<<<<

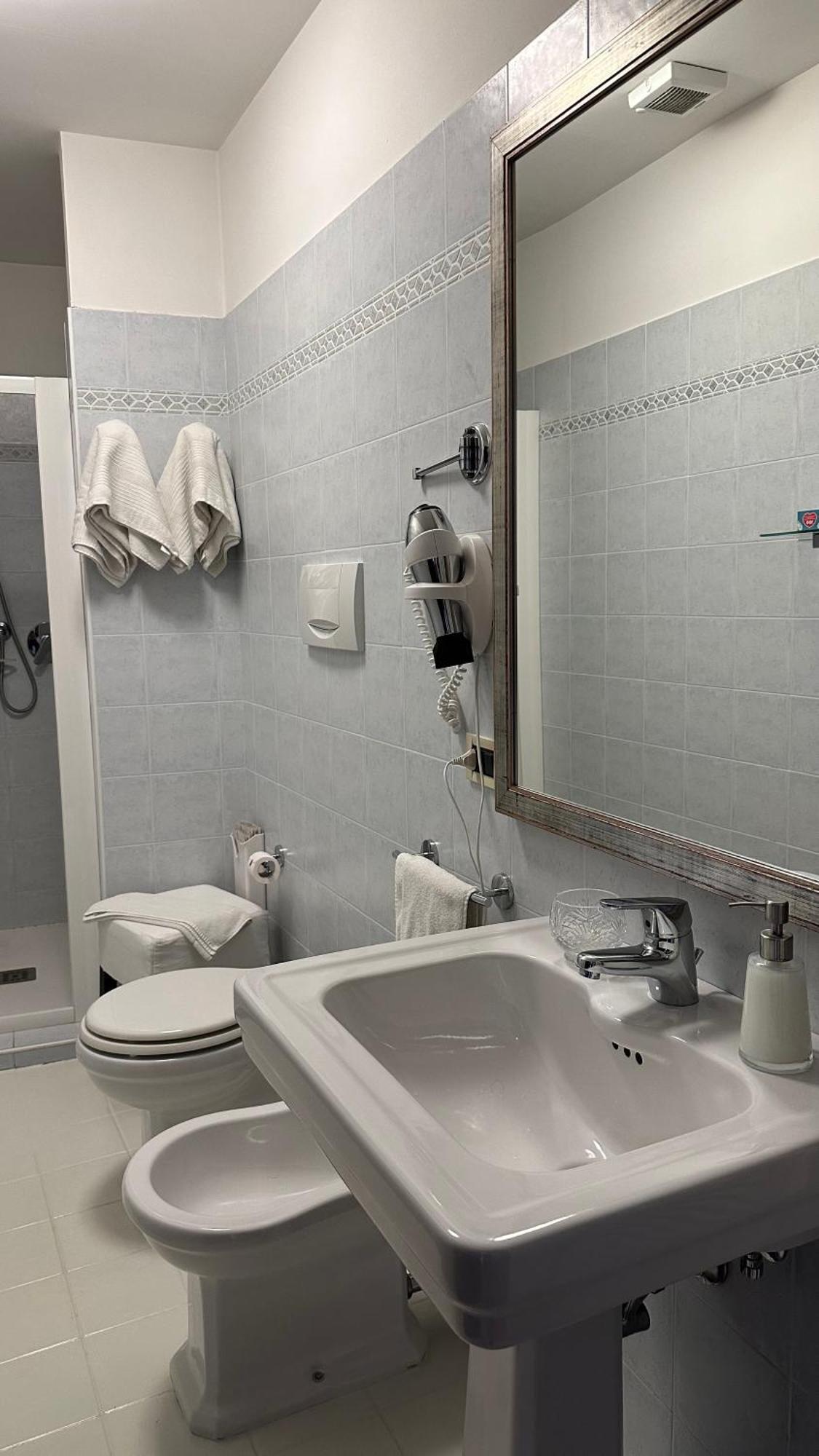 Aparthotel Ca' Hemingway Bassano del Grappa Exterior foto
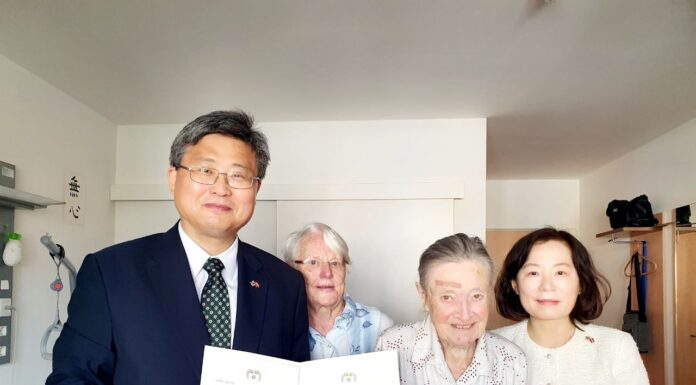President Moon hails 2 Austrian nurses who served Korea for 40 years
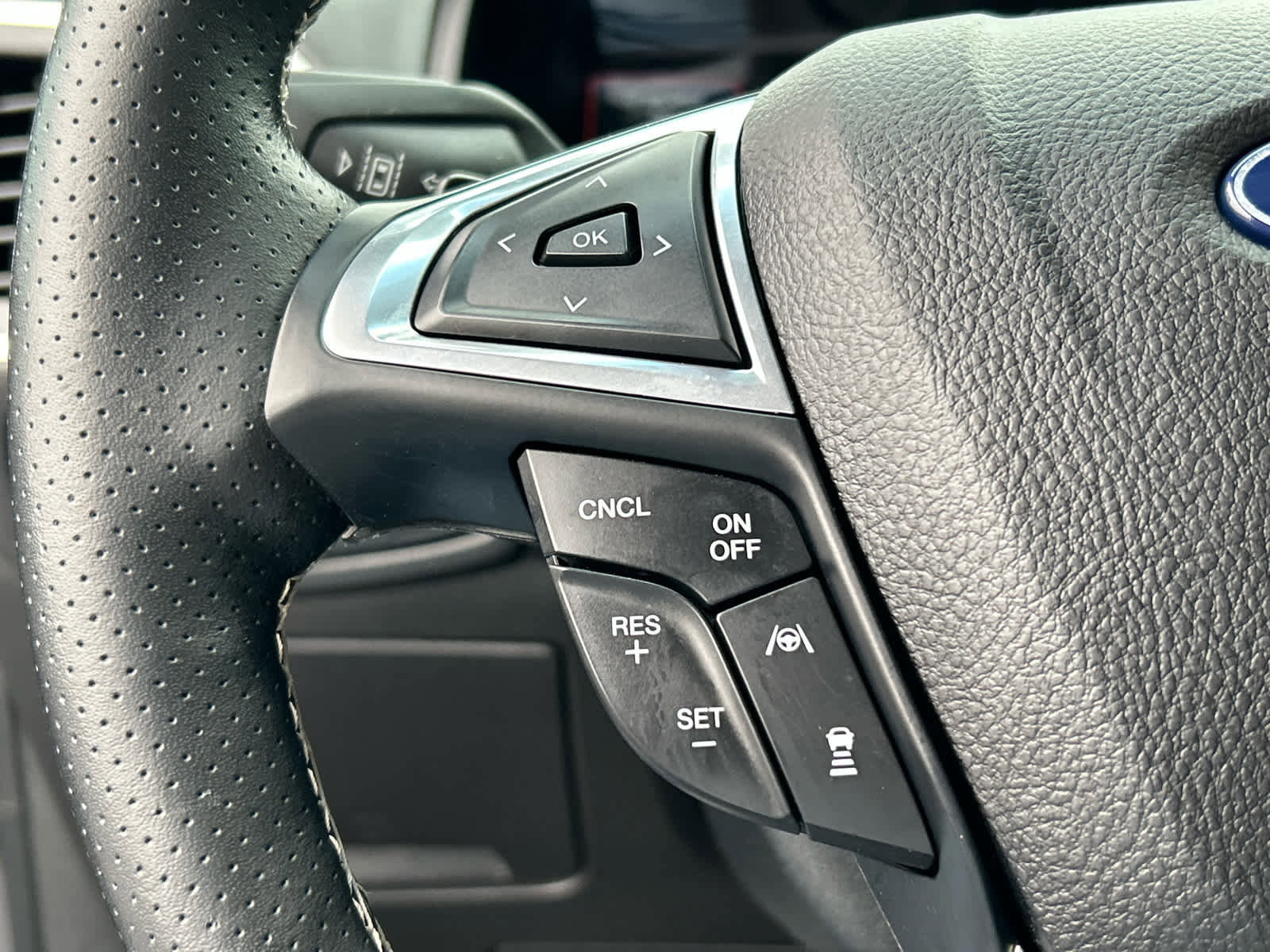 Certified 2022 Ford Edge ST w/ Equipment Group 401A image 33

>>>>

_ACTION ITEM_
Restate the material word for word, minus pictures.

_REPLY TO THE EXERCISE_
 Aparthotel Ca' Hemingway Bassano del Grappa Exterior foto
President Moon hails 2 Austrian nurses who served Korea for 40 years
 Certified 2022 Ford Edge ST w/ Equipment Group 401A image 33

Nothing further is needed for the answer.